I'm guessing that mine holds three gallons. I bought a jug from Autozone that was 2- 1/2 gallons, and just put it in my truck. The DEF gauge was on E and after putting in those two and a half gallons it showed a little more than 3/4 full. I had about 5,500 miles on the truck, so about 15.00 every five thousand or so isn't going to kill me.


----------



## FSUPERDUTY (Jan 1, 2003)

From what I have read the gauges read fast so you won't run out and go into limp mode.


----------



## 1olddogtwo (Aug 6, 2007)

The level doesn't work like a fuel tank. Their isn't a float, their are contacts that read the level in the tank. My best advice is to remove or disconnect it.

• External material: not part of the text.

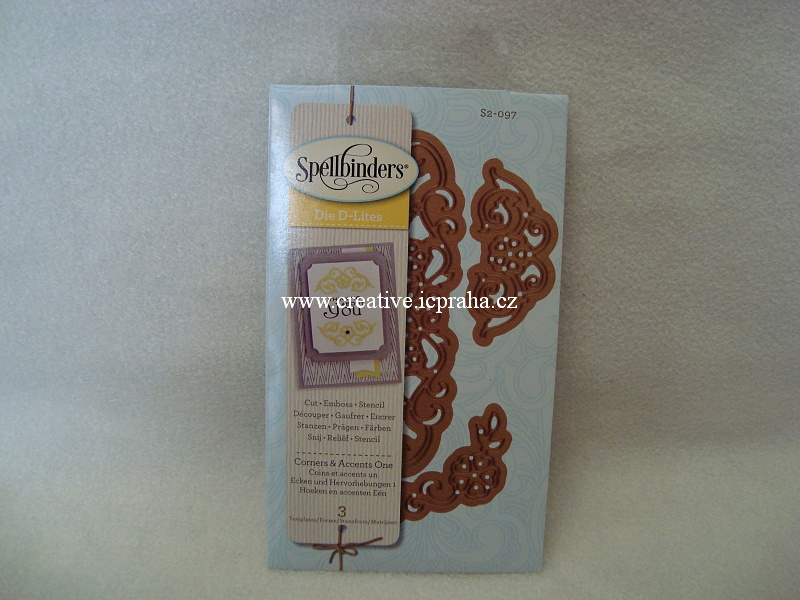 vyřezávací šablona  Spellbinders - Corners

I haven't heard of to much problems with Ram, but the Chevy's had a freezing problems in the winter time. Remember, DEF is 66% water.


----------



## FIREMAN Q (Jan 19, 2005)

FIREMAN Q;1646535 said:


> looking for some thoughts...
> 
> I am shopping around for a new truck. would rather go with the D but looking at the cost difference I wonder if its worth it. I can get a loaded Hemi cheaper than a tradesman D.
> 
> ...


Just to update because I know everyone has been waiting to see what I did..:laughing:

Went with the CTD. Found a 2013 and got a great deal on it. What a great truck. Very happy with my decision to go Diesel. Don't even know the trailer is there when towing.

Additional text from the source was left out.